En dépit des mutineries et de la chute des prix du cacao, la Côte d’Ivoire est parvenue à lever l’équivalent de 1,75 milliard d’euros.
Malgré un contexte troublé, marqué par la forte baisse des prix du cacao et les récentes mutineries, la Côte d’Ivoire a prouvé le 8 juin que les investisseurs internationaux avaient toujoursune foi très solide dans ses perspectives. En levant 1,25 milliard de dollars sur seize ans et 625 millions d’euros sur huit ans, à des taux bas (6,25 % et 5,125 % respectivement), le pays ouest-africain a largement rempli ses objectifs, suscitant même une demande à hauteur de 10 milliards de dollars.
« Lors du roadshow de présentation, la très forte mobilisation du gouvernement a été très bien ressentie par les investisseurs internationaux, explique l’un d’entre eux, sous le couvert de l’anonymat. Le Premier ministre, notamment, a participé aux huit jours de présentation, de Paris à Boston en passant par Francfort, Munich, Londres et New York. »
Si la Côte d’Ivoire a connu un tel succès dans l’émission de ces eurobonds, c’est aussi en raison d’une situation internationale propice
Amadou Gon Coulibaly était accompagné des ministres Adama Koné (Économie et Finances), Abdourahmane Cissé (Budget), Kaba Nialé (Plan et Développement), Thierry Tanoh (Énergie, Pétrole et Développement des énergies renouvelables) et de Patrick Achi, secrétaire général de la présidence.
Une explication qui a convaincu
« Pendant toutes les présentations, la question des mutineries récentes à Bouaké a été récurrente, témoigne un membre de la délégation. Mais l’explication donnée a convaincu : il ne s’agit pas d’une crise politique mais d’un problème lié au paiement de primes aux soldats. Et la chute des cours du cacao semblait moins inquiéter la communauté financière. »

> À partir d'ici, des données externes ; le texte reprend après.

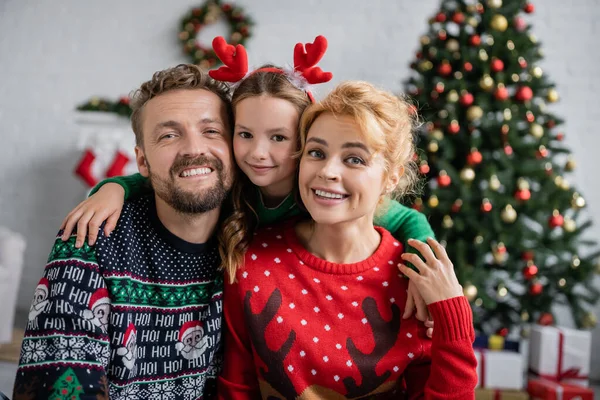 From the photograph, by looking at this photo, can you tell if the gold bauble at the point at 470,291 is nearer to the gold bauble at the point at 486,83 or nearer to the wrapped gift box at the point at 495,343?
the wrapped gift box at the point at 495,343

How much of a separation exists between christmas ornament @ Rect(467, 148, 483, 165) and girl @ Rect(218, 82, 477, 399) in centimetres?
145

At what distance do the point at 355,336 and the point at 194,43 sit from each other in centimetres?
340

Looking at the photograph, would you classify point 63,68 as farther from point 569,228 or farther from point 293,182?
point 569,228

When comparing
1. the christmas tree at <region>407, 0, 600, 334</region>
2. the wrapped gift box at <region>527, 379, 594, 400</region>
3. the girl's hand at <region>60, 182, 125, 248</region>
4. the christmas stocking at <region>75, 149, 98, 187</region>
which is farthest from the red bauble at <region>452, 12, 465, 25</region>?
the christmas stocking at <region>75, 149, 98, 187</region>

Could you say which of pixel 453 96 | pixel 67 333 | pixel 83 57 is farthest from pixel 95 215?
pixel 83 57

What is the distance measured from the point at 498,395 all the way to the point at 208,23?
11.1ft

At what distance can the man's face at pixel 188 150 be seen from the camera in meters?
1.47

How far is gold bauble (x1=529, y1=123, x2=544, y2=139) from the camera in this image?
292 centimetres

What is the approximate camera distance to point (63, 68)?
4488mm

Si la Côte d’Ivoire a connu un tel succès dans l’émission de ces eurobonds, marchant dans les pas du Sénégal – qui a levé, le 16 mai, 1,1 milliard de dollars – et du Nigeria – 1,5 milliard de dollars en février et en mars –, c’est aussi en raison d’une situation internationale propice.
« Il y a eu un nouvel afflux d’argent dans les marchés émergents à partir du second semestre de 2016, et encore davantage en 2017, explique David Cowan, économiste Afrique à la banque américaine Citi. Le coût d’une émission de dette internationale est maintenant assez faible pour la plupart des pays africains. Les investisseurs en recherche de rendements ont tendance à minimiser les risques politiques et macroéconomiques. »
Indifférence aux risques
Ainsi, selon cet expert, s’il existe un risque politique considérable au Brésil, avec la mise en accusation de deux présidents, ou en Turquie, avec une tentative de coup d’État militaire, « les investisseurs semblent toujours heureux de prêter à ces pays ».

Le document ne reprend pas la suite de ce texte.